Et que dire de l’obsession autour du voile islamique qui agite depuis des décennies les plus grands fantasmes de certains intellectuels et journalistes, de la viande Halal qui va envahir les assiettes de nos chérubins dans les cantines et qui risque de les faire parler arabe (quelle horreur !), des mosquées financées par un consortium de pays hostiles à la France et qui pullulent d’idées anti-français (alors que ce sont probablement les lieux les plus surveillés de France)…

Toutes ces accusations réelles ou latentes seraient encore « acceptables » si elles n’étaient pas partagées par une majorité de nos concitoyens et surtout si elles n’étaient pas reprises aux plus hauts degrés de l’Etat. Comment un Premier Ministre ou un ex-Président de la république peuvent-ils faire autant d’amalgames lorsqu’il s’agit d’évoquer des faits divers dont certains individus sont musulmans ? Et même lorsqu’ils garantissent ne pas faire d’amalgames, on retrouve toujours dans le même paragraphe les termes islam-violence-laïcité comme une évidence qui brouille les consciences.

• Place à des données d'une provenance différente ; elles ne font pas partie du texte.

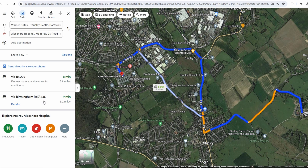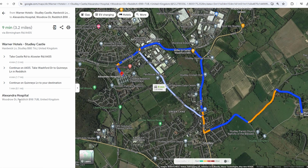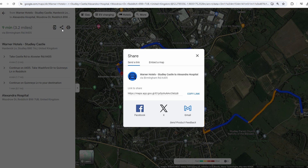Next, you can send it to your phone — choose the device you want to send the route to — or you can use other options like sharing it. Alternatively, you can share the link to the route and keep it saved on your computer.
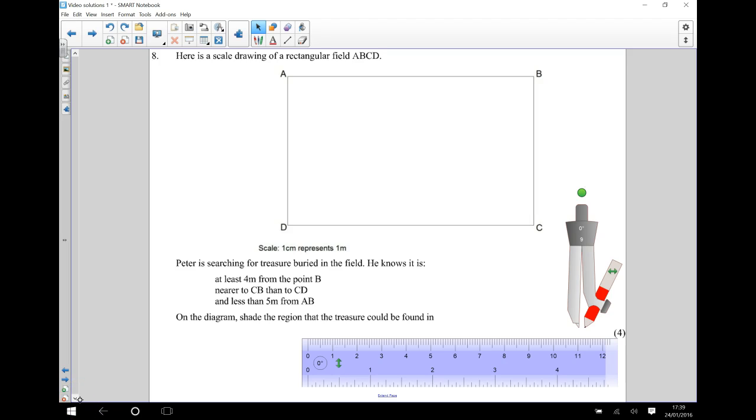Hi, in this video we've got a scale drawing of a rectangular field ABCD.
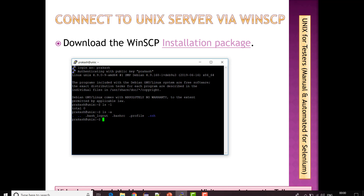To transfer files from Unix to local machine, or from local machine to Unix, or to perform edit operations, create files, and perform many other operations, we will be using WinSCP, which is Windows-style. If you are a bit experienced you will enjoy working via PuTTY, but if you are a beginner then you will find WinSCP a little more useful and comfortable compared to PuTTY.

Sans être paranoïaque, on a l’impression que tout est fait pour faire des musulmans des citoyens de seconde zone en les assignant à des origines étrangères ou à un hypothétique soutien à un régime islamique. Quoi qu’ils fassent du point de vue religieux et même si leur pratique s’inscrit dans le cadre républicain, on leur reproche de ne pas ou peu partager les valeurs et principes de la République. Le bouclier de la laïcité qui doit permettre le libre exercice des cultes dans l’espace public est devenu une arme pour effacer toute trace de visibilité religieuse. Chaque acte est examiné, observé. Pas dans la bienveillance et l’ouverture mais dans la suspicion et la crainte au point où même des actions caritatives deviennent interdites ou que des jeunes prétendus musulmans sont arrêtés pour leur barbes menaçantes alors qu’il s’agissait seulement pour eux d’être à la mode Hipster.

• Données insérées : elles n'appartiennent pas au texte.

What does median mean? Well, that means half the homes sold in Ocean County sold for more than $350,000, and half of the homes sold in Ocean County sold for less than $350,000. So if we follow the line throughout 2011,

Cette dangereuse pente de la méfiance permanente nous fait penser aux sombres réactions des années 30 où le juif était considéré comme un ennemi de l’intérieur. Comparaison n’est pas raison mais il est curieux de voir des processus similaires se mettre à l’œuvre insidieusement au sein des différents corpus de la société. La légifération liée au culte musulman répondant à une logique d’exception, porte en elle des sous-entendus dangereux et stigmatisants.  A l’heure où tous les partis de gouvernement courent derrière l’extrême droite pour proposer leurs solutions radicales face à « la montée de l’islamisme » comme rempart à la visibilité musulmane, il ne serait pas étonnant de voir dans un avenir proche des propositions remettant en cause les libertés publiques et par voie de conséquence la mise au banc des citoyens français de confession musulmane. Malheureusement, l’histoire nous a prouvé que les hommes oublient vite.